10 Mart 2010


ÇOCUK-YALAN-GERÇEK-NOEL BABA


Anlamak için noel babanın hikayesini bilmeye gerek yok. Önceden çalışmaya, hazırlıklı gitmeye gerek yok.. kısacası izlemek için çok şey bilmeye gerek yok… ee film bu zaten gerek olur muydu ki? Yok işte, bunda da yok. Ama izlemek lazım işte… ne desem ki.. nerden vursam sizi de izletsem şu filmi… ama bu yazıyı okuyan kişi, ki herkes okumaz, izlemeye de meyillidir zaten..çok şey söylemeye gerek kalmayacak , belki, sanırım, galiba.., umarım..


Adamın biri neşeli bir hayat arar. Artık, der, mutlu olacağım, aslında herkesten çok da bi farkım yok be, aslında gözümde kendimi fazla küçültmüşüm.. sonra hayat ona bi güzel hareket çeker… bu da arkasını döner, hayata sesini duyurmaya korkarak söverek elleri ceplerinde, uzaklaşır…


Neden? Hayat vurmaya başlar. Aslında önceden alışkın olmalıydı bu vuruşlara, boğaz kıyısında yetişmiş yalı çocuğu değildi nihayetinde. Ne oldu o zaman? Kendi kendine engel olduğuna, bu engeli tek başına bi şekilde aşabileceğine inanmıştı.


Hani olur ya… kimseye güvenmeyerek yaşamaya alışmışsınızdır, kendinize öyle bir yaşam biçimi oluşturmuşsunuzdur. Sonra bi gün biri çıkar karşınıza ve güvenmeye başlarsınız. Sonra doğru olanı yaptığınıza kendinizi ikna edersiniz, kolayca. Ve bir gün terk edilirsiniz. O anki yıkım…
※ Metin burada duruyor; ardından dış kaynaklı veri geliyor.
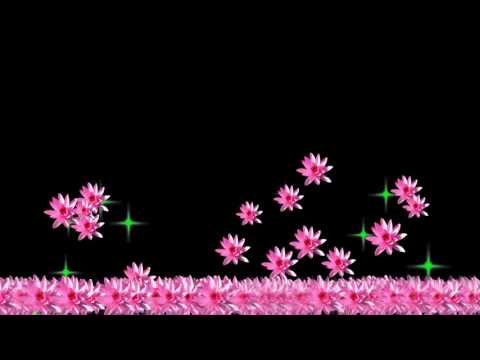 Motion Background 720p Effect ดอกบัว ๑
Ya da hani çocuksunuzdur. Bir büyükle konuşursunuz, diğerlerinin aksine sizi dinler, çocuk olduğunuzu size sürekli hatırlatırcasına garip sesler çıkarıp dediklerinizi tekrar etmez. Hani sizi dinler ve çok özel olduğunuzu hissettirir size ve sonunda o da sizin için çok özel oluverir… hani öyle bi çocuksu…hani bu özel olma durumu büyüklere karşı duyulan nefreti nasıl umursamazlığa dönüştürür… öyle özgüven dolu… ama sonra bi gün bu özel kişinin “çocuk olmanız” hakkında dalga geçtiğini duyarsınız… nasıl bozulursunuz. İşte öyle..
İşte öyle yıkılır bu adam da. Bütün enerjisi kesilir. Ama hayatın cilvesi, tam bu zamanında çevresindekiler enerji doludur. Uyum sağlamasını beklerler. Verdiği yaşam mücadelesi, omzundaki yükler dünyanın umrunda değildir. Tüm samimiyetler, tüm çıkar ilişkileri, insanlığı anlatır.


Sonra bir gün noel baba olur. Hayatın cilvelerinden biri, asla yapmam dediği işlerden birini yapmaktadır. Neşeli olması gerekir. Ama neşe nerde ki onda! Üstelik sürekli gülümsemesi, o meşhur hohoho kahkahasından atması gerekmektedir… çocuklarla iyi anlaşabilmelidir. Neşeli rolü yapmayı öğrenmelidir.

Öğrenir zamanla.

Gülmeye başlar. Noel baba olduğundan değil, becerebildiğinden. Yetenekli olduğundan değil… hayat işte.. bir yerden alırken, kimine bir yerden de verir, kiminde öbür yerden de alır, kimine hep verir, kiminden hep alır.

Bu son cümleyi kurabilecek biridir bizim noel babamız. Olur mu canım, insan gerçekten isterse almak için savaşmalıdır, diyememeyi öğretmiştir hayatı.
Gülümser, hatta kahkaha bile atar sonunda.

Kazanan kendisi olur. Düşmanları kaybeder. Kalbi temizdir.
O kadar inanır ki kendine, “çocukların inandığı yalanlar esasında gerçek” bile der.

Biri dediğinde kafa sallamaz, kendisi kurar bu cümleyi! O kadar inanarak söyler yani.